Before CONAN, Arnold found mixed success in the motion picture business. In his 1969 debut HERCULES IN NEW YORK, Arnold’s thick Austrian accent required a dub job and the film credits him as “Arnold Strong ‘Mr. Universe’” partly to play against the name of co-star Arnold Stang. If you watch HERCULES IN NEW YORK, you will be amazed that Arnold ever had a motion picture career. I’ve seen it several times and it gets me every single time.

Other than PUMPING IRON, Arnold’s best early career role is Joe Santo in STAY HUNGRY, where he played alongside Jeff Bridges and Sally Field in a supporting role. This is a role that stands alone in a Schwarzenegger filmography populated with action and comedy.

CONAN started Arnold’s decade long run of solid action movies. Why did this seemingly muscle-bound guy with a ridiculous accent become at one point the biggest movie star in the world? Siskel & Ebert pondered that very question in an entire show dedicated to Arnold called “Arnold Schwarzenegger: The Unlikeliest Star.”
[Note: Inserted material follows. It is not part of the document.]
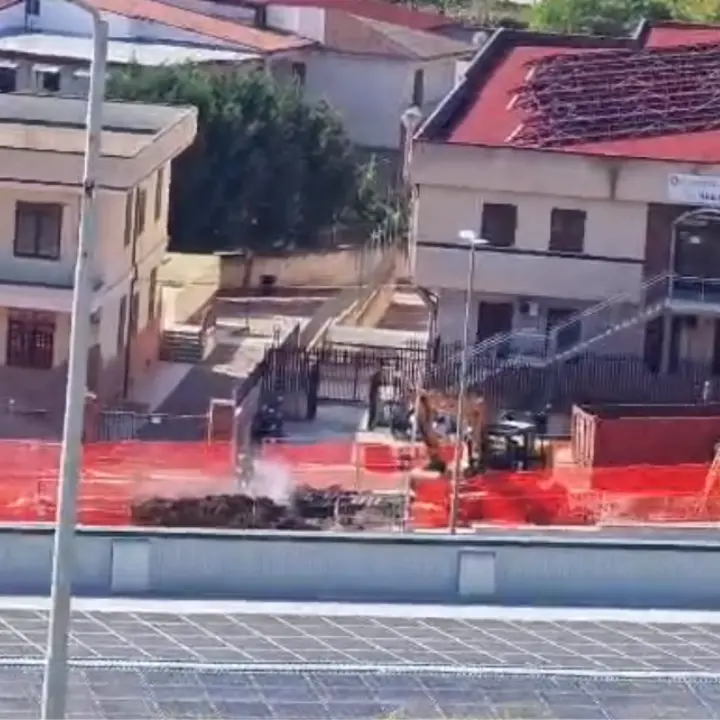 <p>Fuga di gas al liceo Berto, la Redel precisa: «Completamente estranei al cantiere di via degli Artigiani»</p>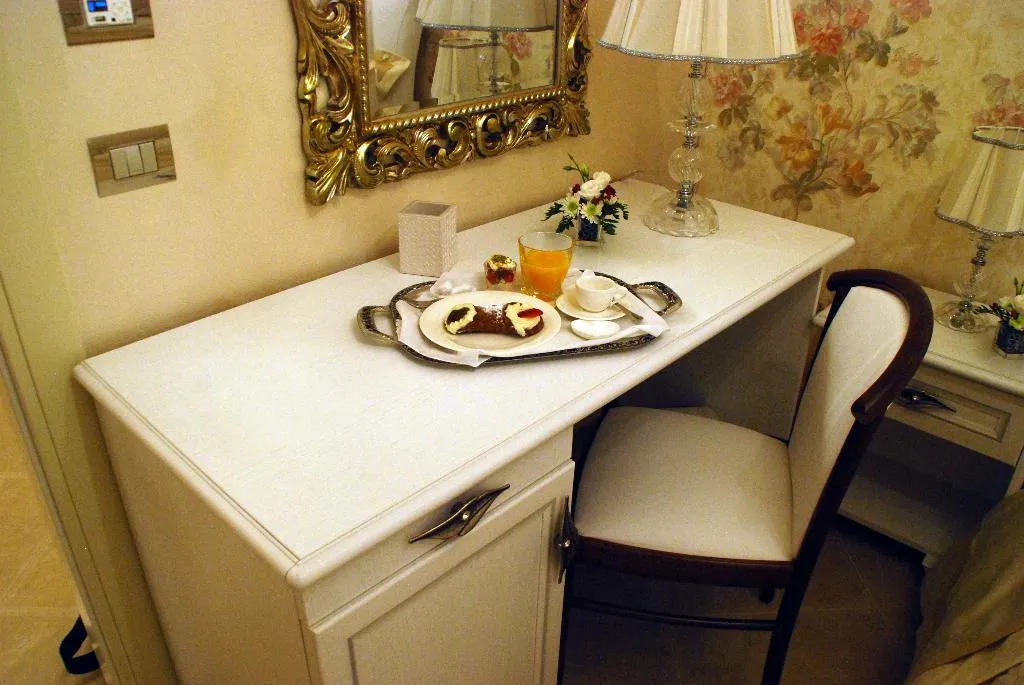 DOUBLE DELUXE Room, Daphnae House, Catania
A joy of performance is the one element that Arnold exudes in all his best films and it’s what separates him from his competition.

Arnold meets his match in Broadway dancer Sandahl Bergman and when she and Arnold pair up, CONAN truly kicks into gear. The 6-foot tall Bergman (this Shawnee Mission East High graduate liked to say that she’s 5-12 rather than 6-0 because no girl should have to be 6-0) possesses an impressive physicality that’s not dwarfed by Arnold or any of her male co-stars and she exudes the same joy of performance as Arnold.

There’s certainly not been another woman, not Grace Jones in CONAN THE DESTROYER or Brigitte Nielsen in RED SONJA, paired more effectively on screen with Arnold than Bergman.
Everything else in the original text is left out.